Último poste da série > 28 de julho de 2012 > Guiné 63/74 - P10202: Cartas do meu avô (15): Décima primeira (Parte III): a reforma, :a escrita, um ano em Perpigna, o regresso a Almada e à Caparica, e por fim... à justiça disse nada... (J. L. Mendes Gomes, ex-Alf Mil, CCAÇ 728, Bissau, Cachil e Catió, 1964/66)

3 comentários:

Luís Graça disse...

Joaquim:

Ainda não tenho, como tu, a alegria de ser avô... E às vezes pergunto se terei o jeito, a vocação, a pachorra, o tempo... Mas revejo-me, em grande parte, na tua história de vida e da história da tua família.

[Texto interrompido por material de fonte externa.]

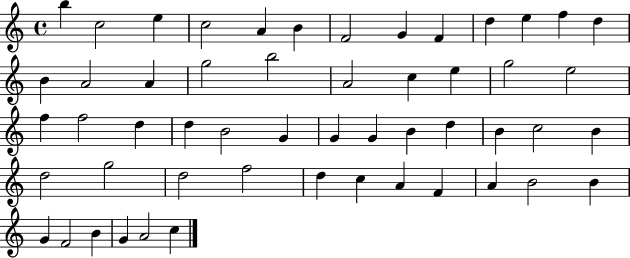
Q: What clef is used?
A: treble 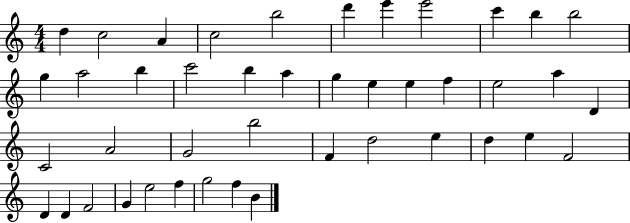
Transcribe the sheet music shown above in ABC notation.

X:1
T:Untitled
M:4/4
L:1/4
K:C
d c2 A c2 b2 d' e' e'2 c' b b2 g a2 b c'2 b a g e e f e2 a D C2 A2 G2 b2 F d2 e d e F2 D D F2 G e2 f g2 f B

Eu, e muitos de nós que te leem, com gosto e afeto. A tua ternura de saltimbanco comove-me. A autenticidade do teu testemunha fortalece-me. A tua coragem de viver e de ajudar os teus filhos e netos é inspiradora para todos nós. Sem esquecer o grande amor da tua vida que está sempre discretamente presente... Juntos, tu e ela, são o poilão protetor de filhos e netos... Que grande lição de vida e de amor, Joaquim!... Os teus filhos e netos têm orgulho de ti. E os teus camaradas, grã-tabanqueiros, também. Um Alfa Bravo do tamanho da distância Lisboa-Berlim. Luis

Luís Graça disse...

Joaquim: Um dia que leves os teus netos ao Parque Jurássico da Lourinhã (um projeto luso--alemão...), eu quero lá estar contigo e com eles... Até por que ainda não te conheço "ao vivo"... Um xicoração. Luís

Anónimo disse...

FixE!!!...Avisarei e ...abraçar-nos-emos ao vivo.